Son günlerde Ortadoğu'daki siyasi atmosferde önemli değişiklikler yaşanıyor. İsrail’in yeni Dışişleri Bakanı Eli Cohen, Abraham Anlaşmaları sürecini ilerletmek amacıyla ABD’ye gidiyor. Bu ziyaret, sadece iki ülke arasındaki ilişkileri güçlendirmekle kalmayacak, aynı zamanda Ortadoğu’daki genel dengeleri de etkileyebilir. Cohen’in ziyareti, aynı zamanda bölgedeki diğer ülkelerle de olan ilişkileri yenileyebilir.

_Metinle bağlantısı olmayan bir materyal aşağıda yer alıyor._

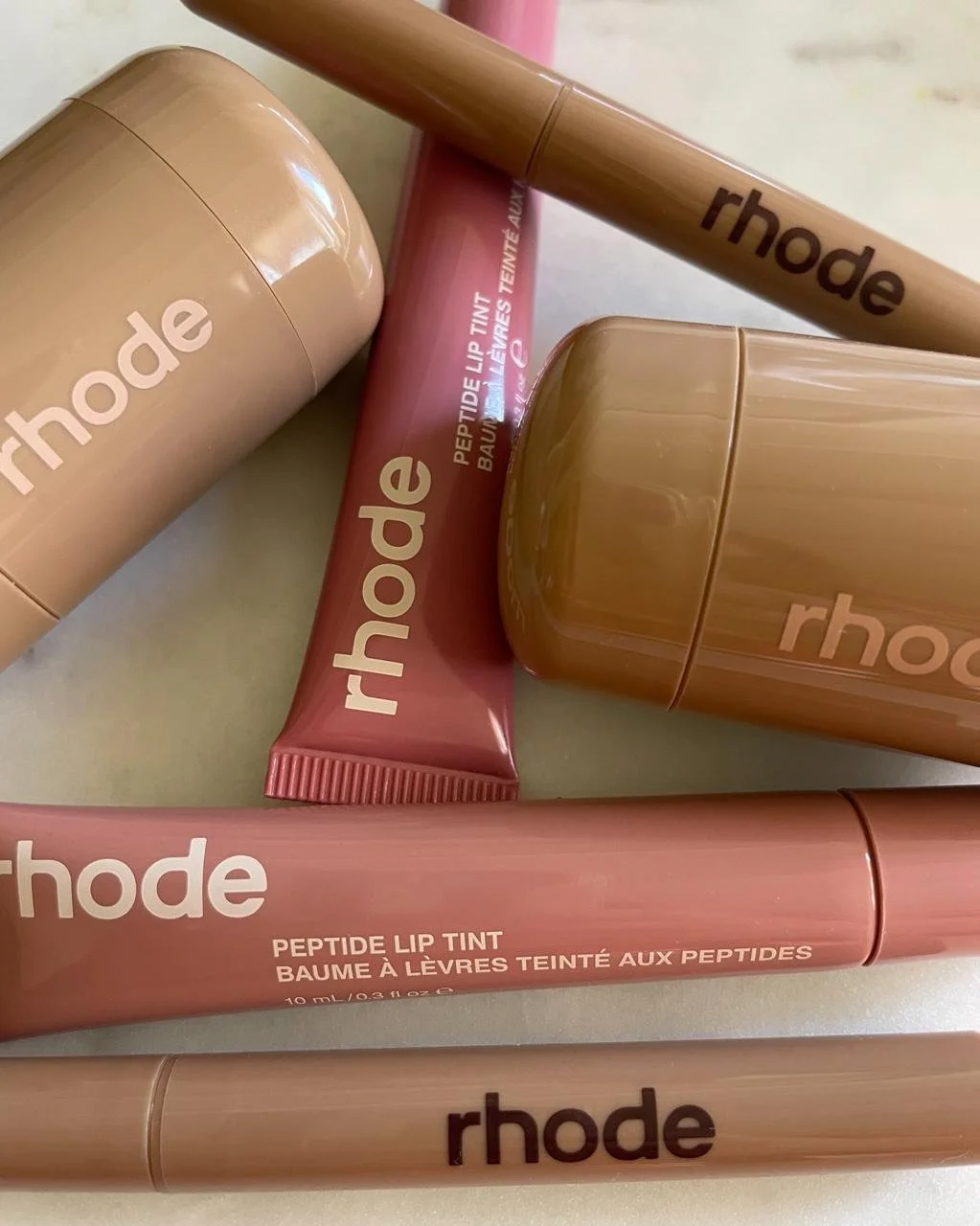 Rhode Pocket Blush and Peptide Lip Tints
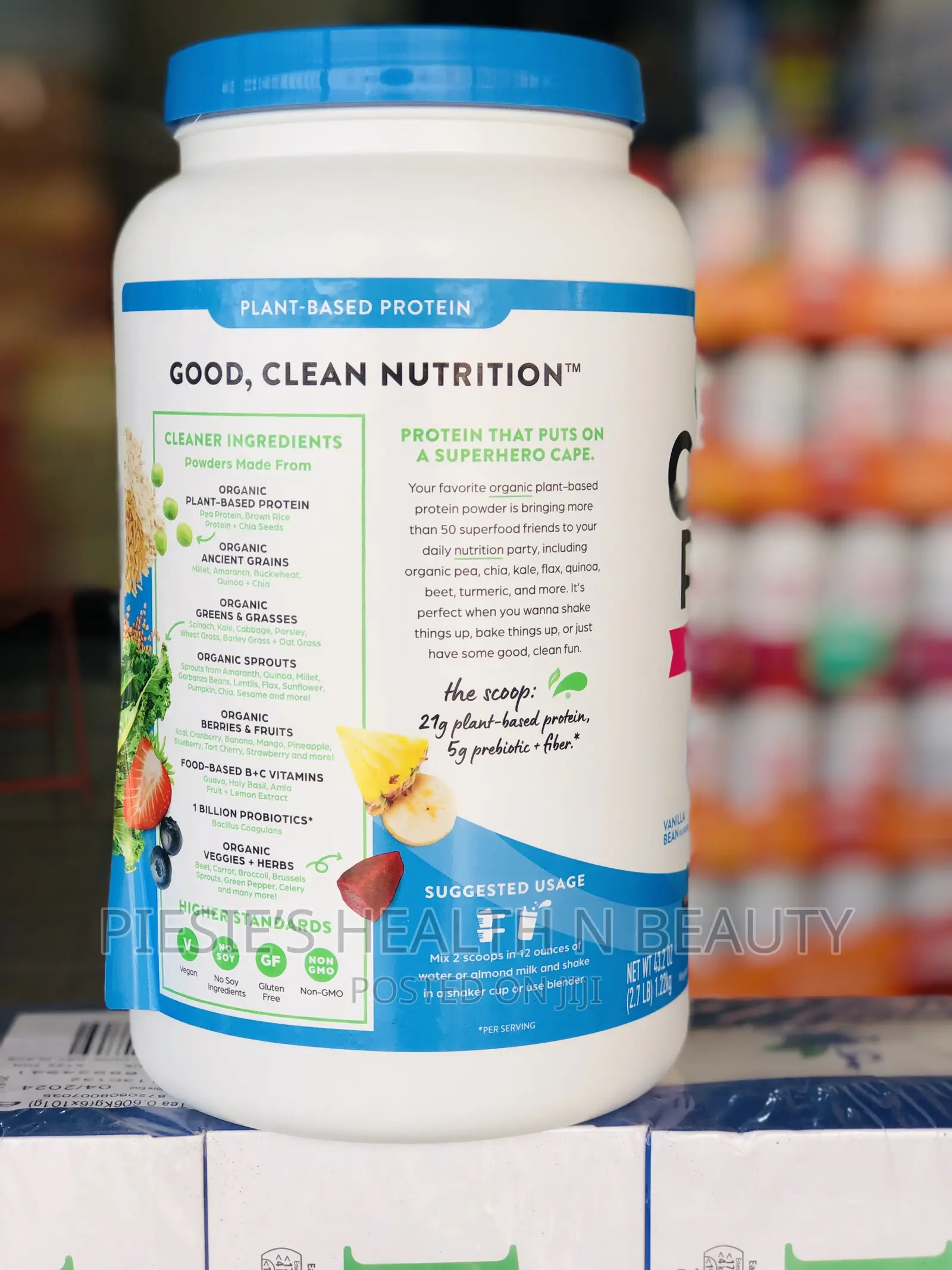 Orgain Organic Protein Powder (2.7lb) Big Size
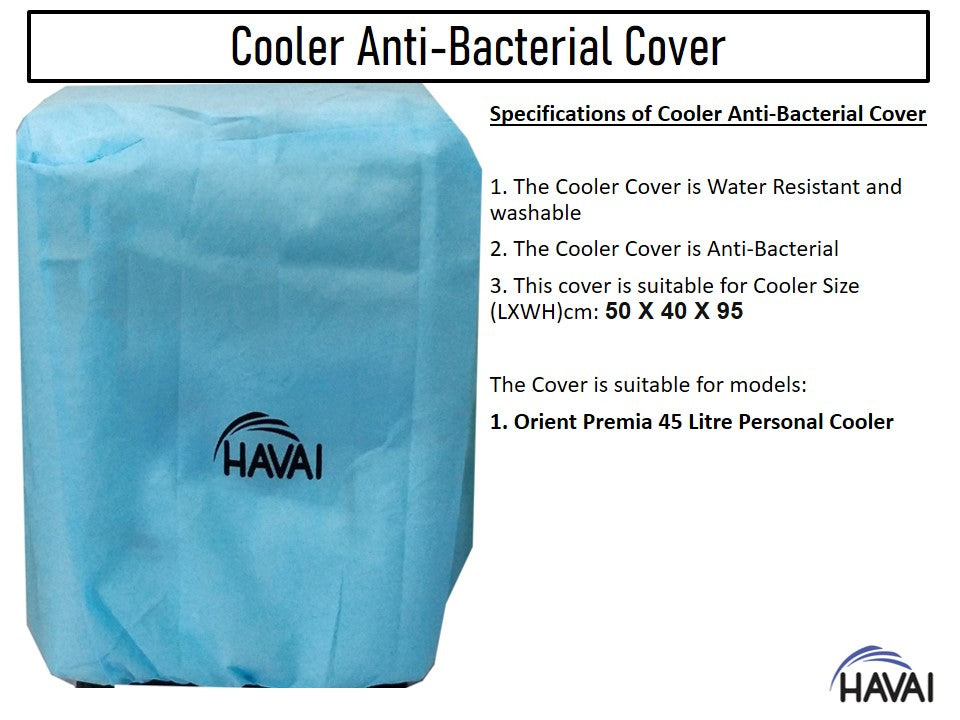 HAVAI Anti Bacterial Cover for Orient Premia 45 Litre Personal Cooler Water Resistant.Cover Size(LXBXH) cm: 50 X 40 X 95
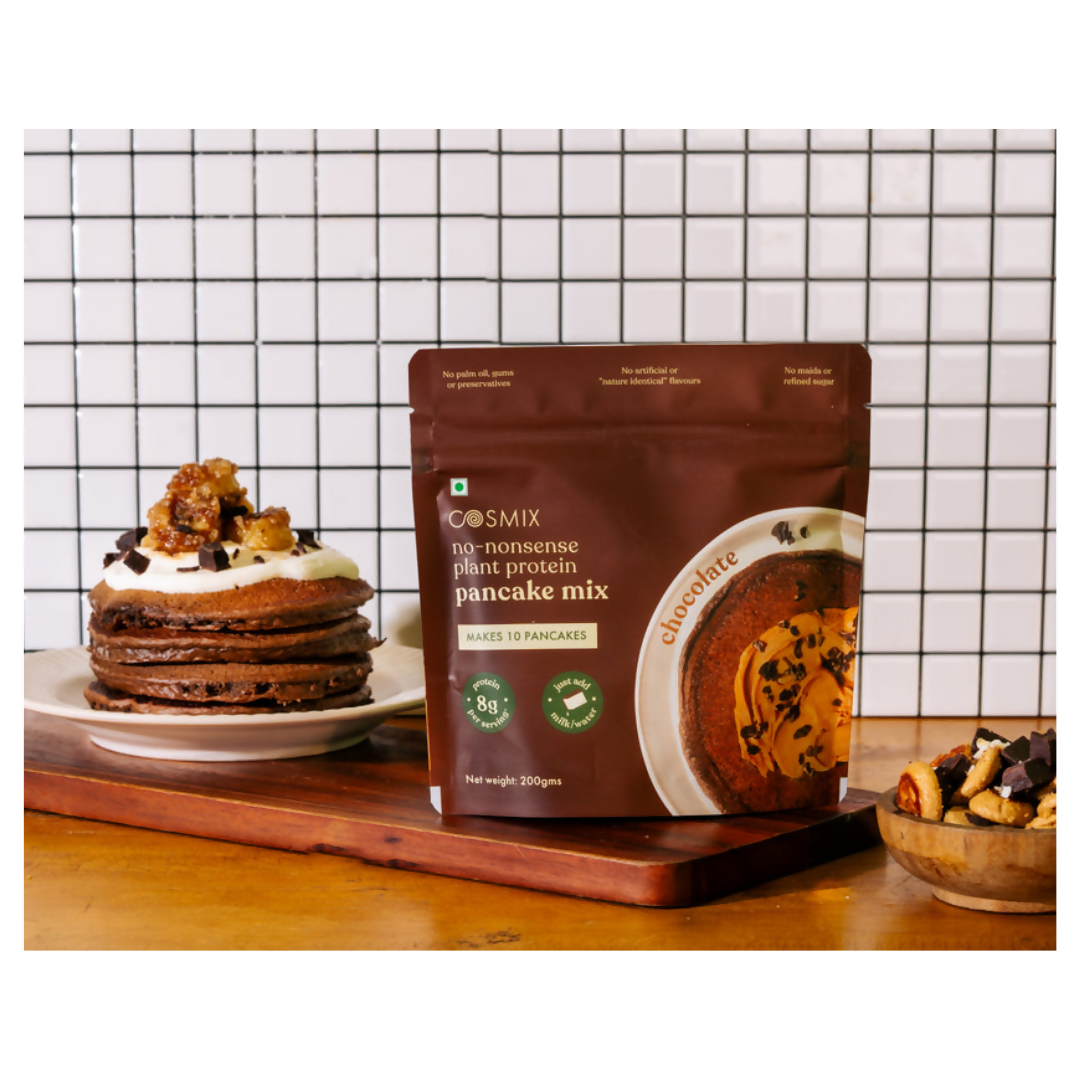Cosmix no nonsense plant protein pancake mix Chocolate | Grocsy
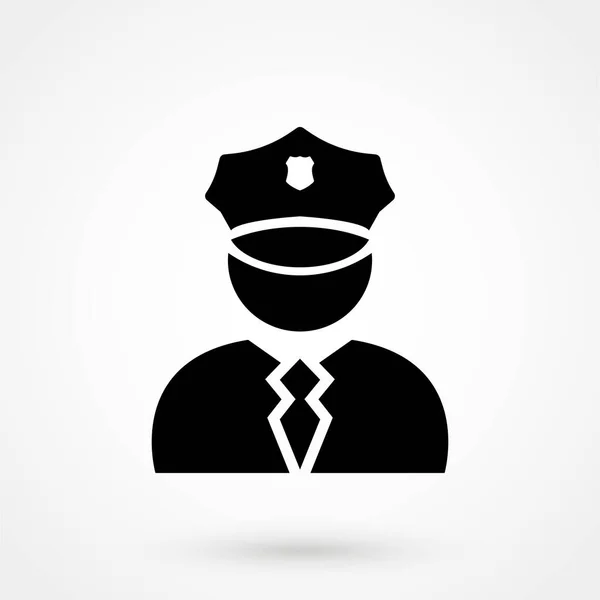 Oficial Policía Avatar Icono — Archivo Imágenes Vectoriales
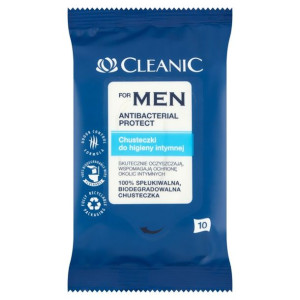 Cleanic for Men Chusteczki do higieny intymnej dla mężczyzn Antibacterial P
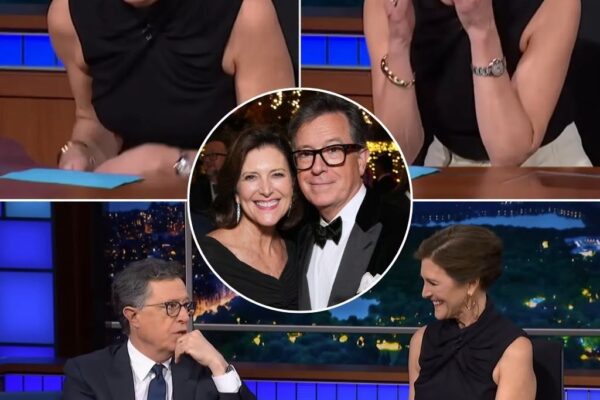 Stephen Colbert left the entire studio in hysterics when he revealed his surprisingly intimate “favorite smell” during a hilarious round of “Colbert Questionert” — and his wife, Evelyn McGee Colbert, instantly turned bright red on live television!-What started as a playful Late Show segment quickly became one of the couple’s most unforgettable viral moments as Stephen doubled down on his answer, leaving the audience screaming with laughter and Evelyn completely caught off guard. 😱 From her priceless reaction to the crowd’s explosive response, fans are calling it one of the funniest and sweetest husband-wife exchanges ever seen on late-night TV.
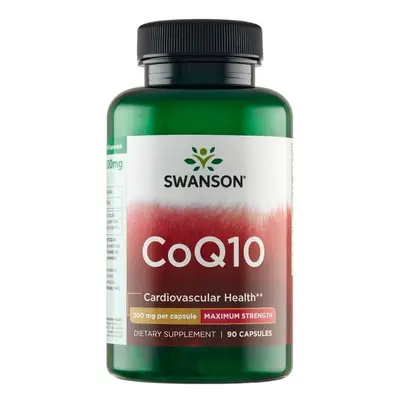 Swanson CoQ10, coenzyme Q10 200 mg, 90 gélules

Abraham Anlaşmaları, 2020 yılında imzalanan ve İsrail ile bazı Arap ülkeleri arasında ilişkilerin normalleşmesini hedefleyen bir dizi anlaşmayı ifade ediyor. Birleşik Arap Emirlikleri ve Bahreyn, bu anlaşmalarla birlikte İsrail ile diplomatik ilişkilerini tesis etmiş, Sudan ve Magrip ülkeleri ise normalleşme adımları atmıştı. Fakat bu anlaşmaların sürdürülebilirliği ve etkisi, zamanla farklı dinamikler tarafından şekilleniyor. Eli Cohen’in ABD ziyareti, bu süreçte yeni bir ivme yaratmayı amaçlıyor.
Cohen, Washington’da üst düzey yetkililerle bir dizi toplantı gerçekleştirecek. Ziyaretin ana gündem maddesi, Abraham Anlaşmaları’nın derinleştirilmesi ve bölgedeki diğer Arap ülkeleri ile olan ilişkilerin geliştirilmesi. Özellikle Suudi Arabistan ile olan diyalog, bu ziyaretin önemli bir parçasını oluşturacak. Cohen’in gündeminde, İran’ın nükleer programı ve bölgedeki güvenlik meseleleri de yer alıyor. ABD’nin bu konulardaki tutumu, İsrail için hayati bir önem taşıyor.
Bu ziyaretin, başta Suudi Arabistan olmak üzere, diğer Arap devletleriyle yeni bir ilişki biçimi tesis etme yönünde büyük bir şans sunacağı düşünülüyor. Zira, Suudi Arabistan’ın İsrail ile normalleşme sürecine girmesi, Ortadoğu’daki güç dengeleri üzerinde kalıcı etkiler yaratabilir. Cohen’in müzakereleri, bu anlamda heyecan verici bir gelişme olarak değerlendiriliyor.
Cohen’in ABD ziyareti sonrasında atılacak adımlar, bölgedeki güvenlik iklimini değiştirebilir. İsrail ile Arap ülkeleri arasındaki diplomatik ilişkilerin sağladığı istikrar, aynı zamanda İran’ın etkisinin azaltılmasına yönelik bir strateji olarak da görülebilir. Zira, Abraham Anlaşmaları çerçevesinde atılacak adımlar, sadece ekonomik ve ticari ilişkilerin ilerlemesine değil, aynı zamanda terörizmle mücadelede iş birliğinin güçlenmesine de olanak tanıyabilir.
Bütün bu gelişmeler ışığında, Ortadoğu'nun geleceği hakkında var olan belirsizliklerin giderek azaldığını söylemek mümkün. Cohen’in ABD’deki temaslarının sonuçları, tüm taraflar için büyük önem taşıyor. Abraham Anlaşmaları’nın geleceği ve Ortadoğu’daki barış sürecinin hangi yöne evrileceği merakla bekleniyor.